Having read my first Žižek book, The Puppet and the Dwarf: The Perverse Core of Christianity, this past semester in a faculty/student reading group, I have to say that, among other things, I am not quite sure what to make of his reading of the “feminine” or “femininity.” Likewise, and this is my caveat prefatory disclaimer, my knowledge of Freud and Lacan is limited, both of which seem fundamental to Žižek’s reading of women. With that said, here are a few of the questions that arose as I read chapter 3 of the aforementioned book. On the one hand, in this work generally speaking, Žižek seems to manifest (problematic) dichotomizing tendencies such as the following: Judaism verses Christianity, masculinity verses femininity, the “male” religion of Judaism verses the “female” orientation of Christianity—for example, the Pharisees have a “male” approach to the Law and the world, whereas Jesus’ attitude toward the Law expresses a “female” sensitivity. Also, I wonder whether for Žižek, female or femininity ultimately translates into a lack? What does it mean that Žižek situates woman on the side of the “real” and men on the side of the “symbolic”? Does it mean that womens’ material existence must ultimately be negated, extinguished? He seems to suggest that desire is always focused on loss and thus has an intimate relation with the death drive. If this is the case, why should we accept that claim?

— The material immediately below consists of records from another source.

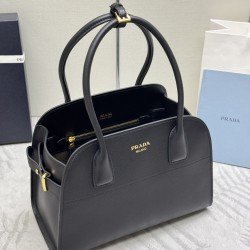 F780 Medium 32CM New tote bag 1BG538 has arrived This tote bag presents a sturdy silhouette that exudes modernity and elegance, with ample capacity and a convenient large opening Soft grained leather outlines the sleek, minimalist lines This practical acc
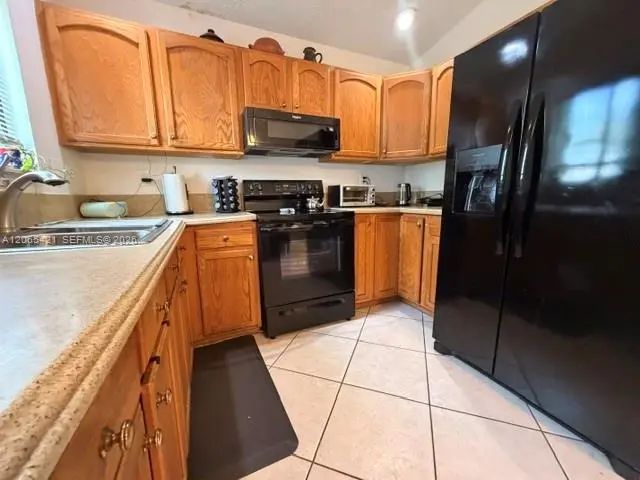 5 of 11 - 9631 W Elm Lane, Miramar, FL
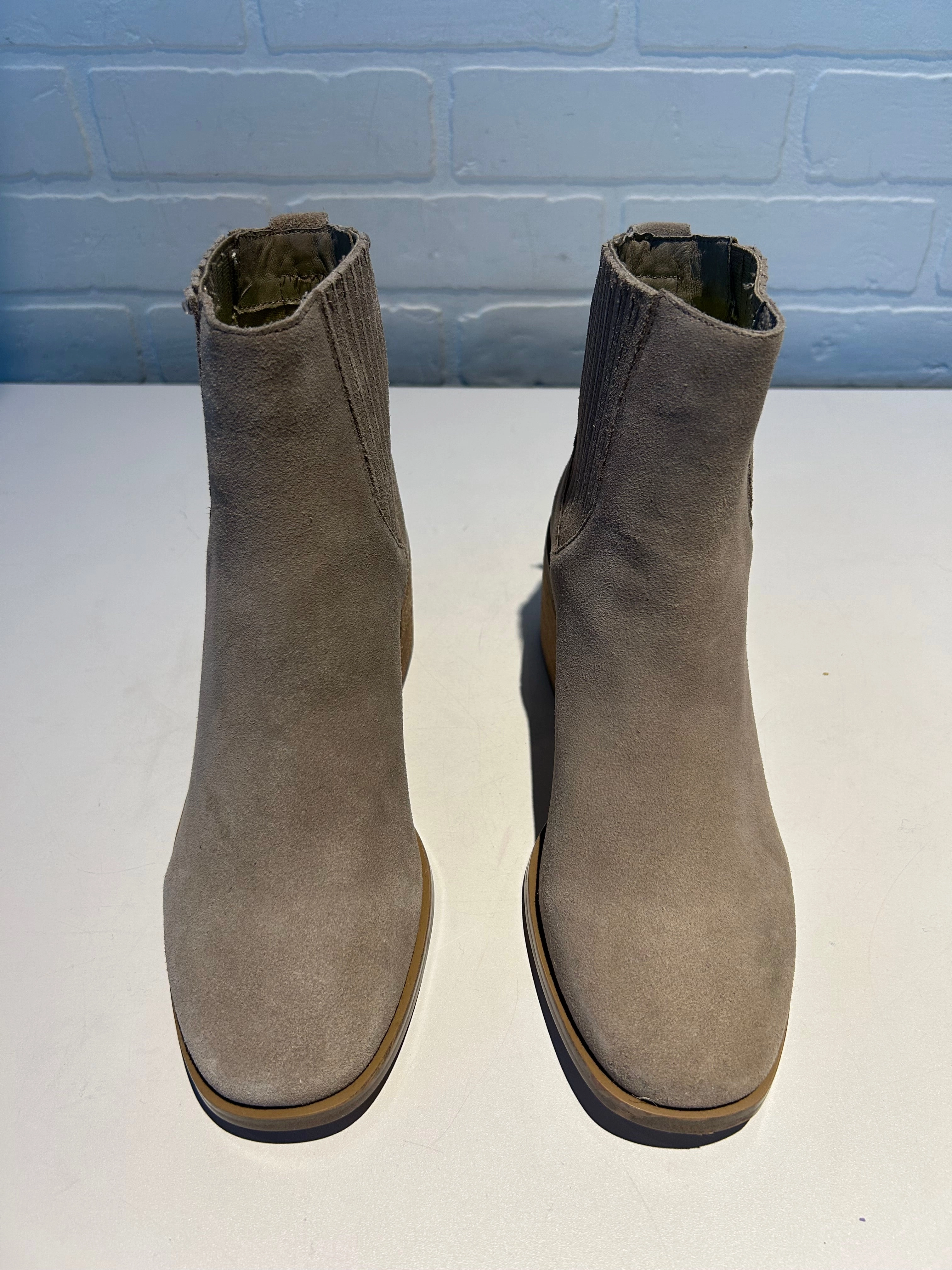Boots Ankle Heels By Splendid In Tan, Size: 7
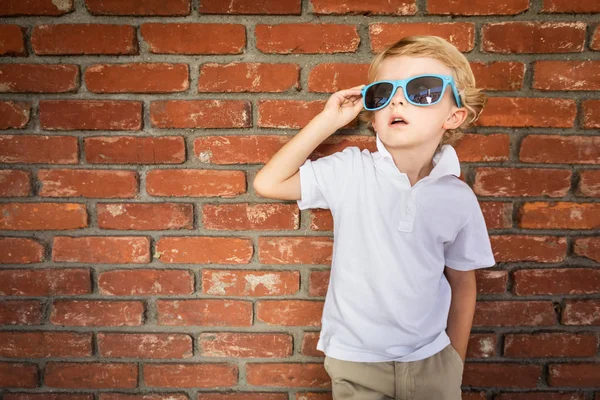 Roztomilý Chlapec Kavkazské Nosí Sluneční Brýle Proti Cihlové Zdi — Stock fotografie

If lack always equals loss for Žižek, then I wonder whether this “loss-logic” is part of his misread of Christ’s cry of dereliction on the Cross (von Balthasar writes an entire book on the positive theological meaning of the Godforsakeness of God, viz. Mysterium Paschale)? Contra Žižek, couldn’t Jesus’ cry of “desire” for the Father arise out of a plenitude rather than a lack—a love that is willing even to go to hell in order to stand in solidarity with humans who have freely rejected God?

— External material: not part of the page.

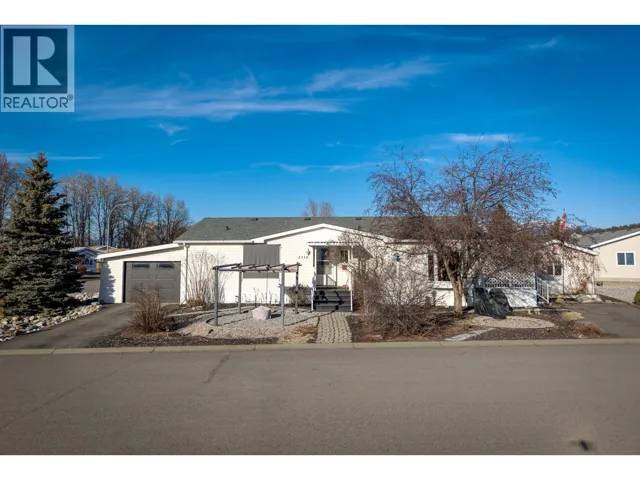 2116 KOKANEE N Court, Cranbrook, British Columbia V1C6N7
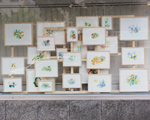 Installation Site-specific Painting und Malen in der Sehitlik Moschee Berlin, 20.-29.06.2014, Schaufenster, Apotheke am Hermannplatz, Berlin von Kirsten Kötter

Also, the Catholic Christian tradition holds that materiality is ultimately redeemable because of its “connection” to the divine. We see this is the sacrament of the Eucharist, which occurs again and again—the material revealing the divine which can never be exhausted. Here the material (including the female body) has value then because of this connection with divine plenitude. If I am not mistaken, I believe that John Milbank offers a critique of Žižek along these lines: he cannot be a consistent materialist because matter ultimately has value only by virtue of participation in the divine.

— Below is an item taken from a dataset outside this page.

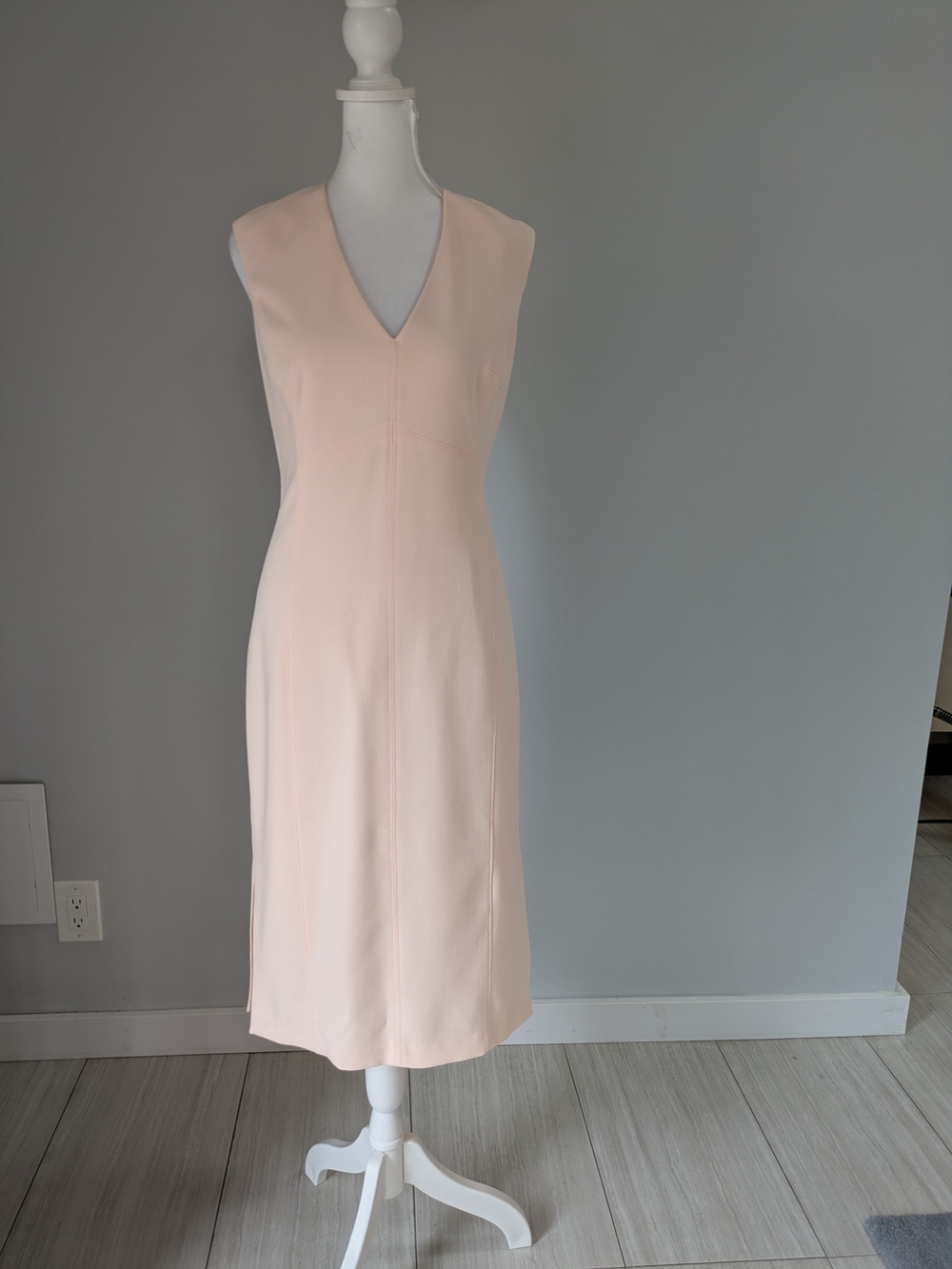 White House Black Market Sleeveless V-Neck Peach-Cream Midi Dress 2 Side Slits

On the other hand, perhaps Žižek could be read, following Lacan, as saying something along these lines. In Žižek: A Very Critical Introduction, Marcus Pound, having commented on the un-representability of feminine sexuality, goes on to explain, “there is no objectifying trait that defines woman as a whole in the way that castration defines men as a whole” (107); this is the meaning of Lacan’s claim, “The woman does not exist” (107). The idea is that men share a common identity as “castrated,” whereas women have no such common unitary trait. Theirs is the logic of the “Not-All.” Thus, they cannot be reduced to mothers or simply the “other set” to men. Rather, they are the “open-set” (108-9). If this is Žižek’s point, then I find it much more appealing and worthy of further development, as it navigates around a dichotomizing and ultimately subject-less view of women and avoids some of the problems noted above.
However, I must say that generally speaking Žižek’s work has a—how shall I put it—rather phallocentric aura about it. At the end of the day, I’m with Foucault and find these psychoanalytic Freudian hand-me-down-ism-inspired theories to be misguided and part of the social construction of a particularly modern subject seeking in a supposed “hidden, repressed” sexuality the ultimate meaning of life. Nonsense. There’s no doubt about it, though– Žižek is quite entertaining. Let me end my musings in the “spirit” of Žižek-ese: could it be that “women” in fact do share a “unitary trait,” namely, menstruation? If so, then is Pound’s more positive reading of Žižek’s view on women negated? There you have it, the “orthodox fox” deconstructs the Slovenian “rock star” philosopher.